I subset the data and extract the geographic information of each individual state as well as the total drug cost for that state.
state_drug_cost <- raw_data1%>%
group_by(State, X_latitude, X_longitude)%>%
summarize(total_drug_cost = sum(Medicaid.Amount.Reimbursed, na.rm = TRUE))%>%
filter(total_drug_cost != 0 & !is.na(X_latitude) & !is.na(X_longitude))
state_drug_cost
## Source: local data frame [51 x 4]
## Groups: State, X_latitude [51]
##
## State X_latitude X_longitude total_drug_cost
## <chr> <dbl> <dbl> <dbl>
## 1 AK 61.3850 -152.2683 41488838
## 2 AL 32.7990 -86.8073 234814278
## 3 AR 34.9513 -92.3809 108603678
## 4 AZ 33.7712 -111.3877 159296822
## 5 CA 36.1700 -119.7462 1845314670
## 6 CT 41.5834 -72.7622 414550321
## 7 DC 38.8964 -77.0262 4551225
## 8 DE 39.3498 -75.5148 77059174
## 9 FL 27.8333 -81.7170 806509180
## 10 GA 32.9866 -83.6487 328901605
## # ... with 41 more rows
Created a visualization using the USA map. It gives us clear picture about prescription expenses from Medicaid program across the country. There are a few states stands out, such as NY, CA, and FL, which are the three states with the most population in america excluding TX. Just by eye balling this figure. NY’s Medicaid seem to be the one with the highest prescription spending.
usa <- map_data("state")
ggplot() +
geom_path(data = usa, aes(x = long, y = lat, group = group)) +
geom_point(data = state_drug_cost, aes(x = X_longitude, y = X_latitude, size = total_drug_cost), color = "red")
Next few line of codes is just about transformation of the data. I calculated the total product cost of each medication for each states(By the way, state “XX” means the entire country) and the number of that medications were dispense in that state. After we obtain these two numbers we can simply divide the two numbers to calculate the cost of the one unit of that medication.
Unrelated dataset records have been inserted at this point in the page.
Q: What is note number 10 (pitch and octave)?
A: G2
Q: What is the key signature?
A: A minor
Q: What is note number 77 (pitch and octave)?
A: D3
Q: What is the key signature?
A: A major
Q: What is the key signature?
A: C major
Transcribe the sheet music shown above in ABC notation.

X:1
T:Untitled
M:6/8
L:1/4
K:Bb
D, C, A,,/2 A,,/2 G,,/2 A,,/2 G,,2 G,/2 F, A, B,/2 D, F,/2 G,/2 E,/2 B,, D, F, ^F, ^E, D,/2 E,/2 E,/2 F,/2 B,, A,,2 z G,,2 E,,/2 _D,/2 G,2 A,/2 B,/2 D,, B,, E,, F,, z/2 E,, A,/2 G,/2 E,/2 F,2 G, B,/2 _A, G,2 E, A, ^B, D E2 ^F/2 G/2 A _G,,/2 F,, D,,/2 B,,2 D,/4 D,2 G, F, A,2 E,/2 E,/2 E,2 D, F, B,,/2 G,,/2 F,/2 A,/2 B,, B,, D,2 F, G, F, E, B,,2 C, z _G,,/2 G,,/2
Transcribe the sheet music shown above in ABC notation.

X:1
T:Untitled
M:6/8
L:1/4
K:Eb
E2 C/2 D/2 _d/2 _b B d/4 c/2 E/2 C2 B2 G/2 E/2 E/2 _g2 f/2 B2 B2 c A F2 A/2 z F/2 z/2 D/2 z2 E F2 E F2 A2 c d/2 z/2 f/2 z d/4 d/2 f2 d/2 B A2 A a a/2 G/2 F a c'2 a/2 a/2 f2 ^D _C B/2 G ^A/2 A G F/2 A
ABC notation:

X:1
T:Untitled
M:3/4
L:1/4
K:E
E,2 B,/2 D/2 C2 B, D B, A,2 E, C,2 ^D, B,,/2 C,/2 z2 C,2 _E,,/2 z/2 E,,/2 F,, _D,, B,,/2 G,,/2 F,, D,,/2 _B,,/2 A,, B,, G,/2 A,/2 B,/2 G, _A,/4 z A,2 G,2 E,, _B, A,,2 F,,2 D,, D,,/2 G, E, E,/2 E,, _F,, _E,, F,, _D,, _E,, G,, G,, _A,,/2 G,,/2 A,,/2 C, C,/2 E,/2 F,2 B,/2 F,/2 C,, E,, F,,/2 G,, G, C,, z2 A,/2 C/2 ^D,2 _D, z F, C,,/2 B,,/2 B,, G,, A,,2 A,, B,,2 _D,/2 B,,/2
For the sake of testing the difference in terms of each medication’s cost across states level, Average cost for each unit of medication and its corresponding standard deviation for each states were also calculated.
total_cost <- raw_data1%>%
group_by(State, Product.Name)%>%
summarize(product_cost = sum(Medicaid.Amount.Reimbursed, na.rm = TRUE), count = sum(Units.Reimbursed, na.rm = TRUE))%>%
filter(product_cost != 0 & count != 0)%>%
arrange(desc(product_cost))
total_cost <- total_cost%>%
mutate(ave_drug_cost = product_cost / count, average = mean(ave_drug_cost), sd = sd(ave_drug_cost))
head(total_cost, 10)
## Source: local data frame [10 x 7]
## Groups: State [2]
##
## State Product.Name product_cost count ave_drug_cost average
## <chr> <chr> <dbl> <dbl> <dbl> <dbl>
## 1 XX HUMIRA 40 508154317 275517.9 1844.360648 79.93311
## 2 XX LANTUS 100 370682730 14647604.3 25.306714 79.93311
## 3 XX LANTUS 3ML 357558665 14406491.7 24.819274 79.93311
## 4 XX SEROQUEL X 232025482 12703862.8 18.264168 79.93311
## 5 XX SYMBICORT 219604001 8010996.3 27.412820 79.93311
## 6 XX TRIUMEQ 50 198518884 2376716.0 83.526548 79.93311
## 7 NY HARVONI ( 169696555 161171.0 1052.897578 136.76103
## 8 XX INVEGASUST 162707518 117616.9 1383.368339 79.93311
## 9 XX SUBOXONE 8 159894121 21730078.0 7.358194 79.93311
## 10 XX ARIPIPRAZO 151011727 11117112.5 13.583719 79.93311
## # ... with 1 more variables: sd <dbl>
I just want to compare the drug cost for states where most americans live, I perform the test solely for CA, NY, and FL. The barplot shows that medications for HIV and HCV infections are usually most costly in state Medicaid agency’s budget. It is reasonable because a lot of these medications have no generic available. In addition to that, they are life-saving medications. Therefore, even the cost is high, people will still have to pay for them. Medications for diabetes and respiratory disorders also have their spot on the highest cost medication list, probably because those medications are common, therefore, many of these prescriptions are filled nationwide.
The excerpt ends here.